● Supplied information:
= = = = = = =

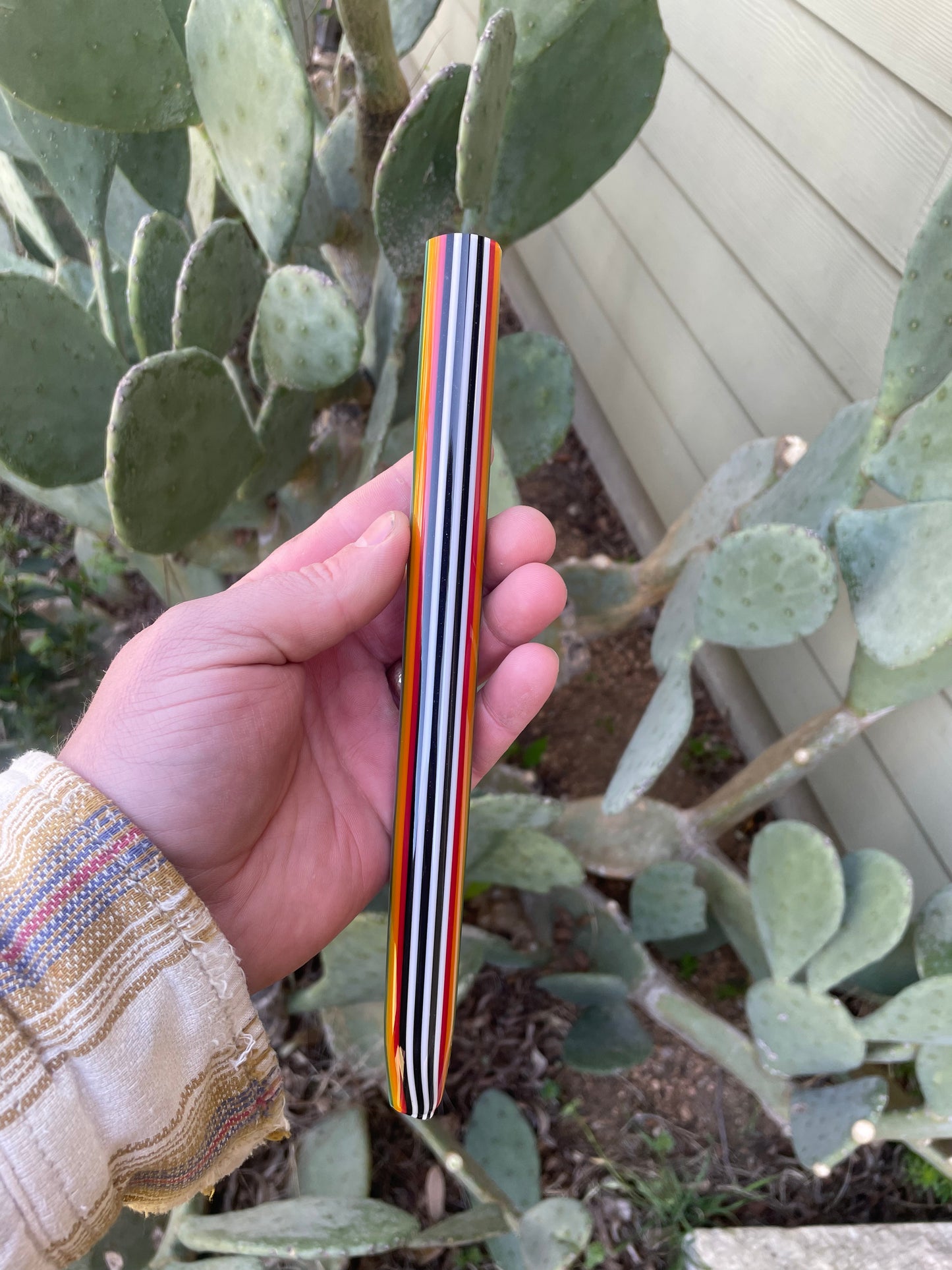 Sparkly Skunk Rainbow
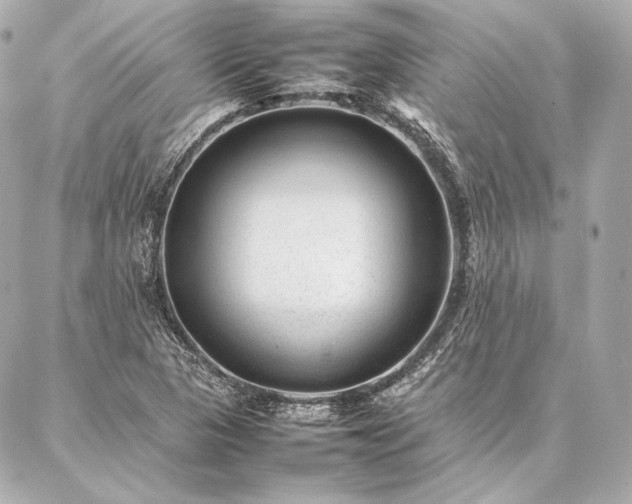 X0000086971313200704231505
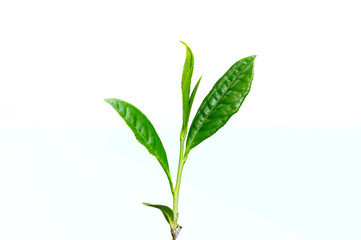 Close-up, the tip of a green tea leaf in the morning, tea plantation, on a white background.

= = = = = = =

Every word of the material, and none of its pictures, should be set down again.

● Reply:
 Sparkly Skunk Rainbow
 X0000086971313200704231505
 Close-up, the tip of a green tea leaf in the morning, tea plantation, on a white background.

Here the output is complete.